Mehr als 6 Millionen Menschen sind in Deutschland von Diabetes mellitus betroffen. Bis 2030 wird mit einem Anstieg auf acht Millionen Menschen gerechnet. Bei der Behandlung des Diabetes mellitus als chronische Erkrankung sind zahlreiche Berufsgruppen beteiligt: Ärzte verschiedener Disziplinen, Ernährungs- und Diabetesberater, Diabetes-Pflegefachkräfte, Psychologen, Podologen oder Wundassistenten.
Privatdozent Dr. Erhard Siegel forderte in der Pressekonferenz zum Kongress, dass ein Screening auf Diabetes mellitus bei der Krankenhausaufnahme eingeführt werden müsse, da dieser oft zu spät erkannt werde und die Sterblichkeit der Patienten erhöhe. Neueste Ergebnisse der prospektiven multizentrischen Studie „MEASURE2016“ zeigen eine Gesamtprävalenz von 40,5 Prozent für einen Diabetes mellitus bei den über 55-jährigen in Deutschland. Die Prävalenz eines neu diagnostizierten Diabetes mellitus im Krankenhaus liegt bei 13,3 Prozent.
Unwissenheit führe dazu, dass zum Beispiel Chirurgen während der Operation Insulinpumpen herausrissen, weil sie mit den Geräten nicht umgehen könnten – das sei kein Einzelfall, so Siegel. Seit 2013 gibt es in Deutschland das Zertifikat „Klinik für Diabetes Patienten geeignet", zu finden auf der Homepage der DDG.

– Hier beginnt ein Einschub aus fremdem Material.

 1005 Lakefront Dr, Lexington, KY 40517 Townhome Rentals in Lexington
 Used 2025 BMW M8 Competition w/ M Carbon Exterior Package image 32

69 neu entdeckte „Diabetes-Gene“
Prof. Dr. Martin Hrabě de Angelis, Sprecher des Deutschen Zentrums für Diabetesforschung (DZD), berichtete von verschiedenen Forschungsergebnissen: 150 Gene seien bislang für die Diabetes-Genese bekannt, weitere 69 Gene neu entdeckt worden. Es sei von weiteren Neuentdeckungen auszugehen. Der „Deutsche Diabetes Risiko-Test prognostiziere das persönliche Risiko in den kommenden fünf Jahren an Diabetes zu erkranken. Ein weiterer Prädiabetes-Test beruhend auf kürzlich von DZD-Epidemiologen identifizierten Biomarkern sei gleichzeitig entwickelt worden. Er solle den für Patienten unangenehmen OGTT (Oraler Glucosetoleranztest) ersetzen.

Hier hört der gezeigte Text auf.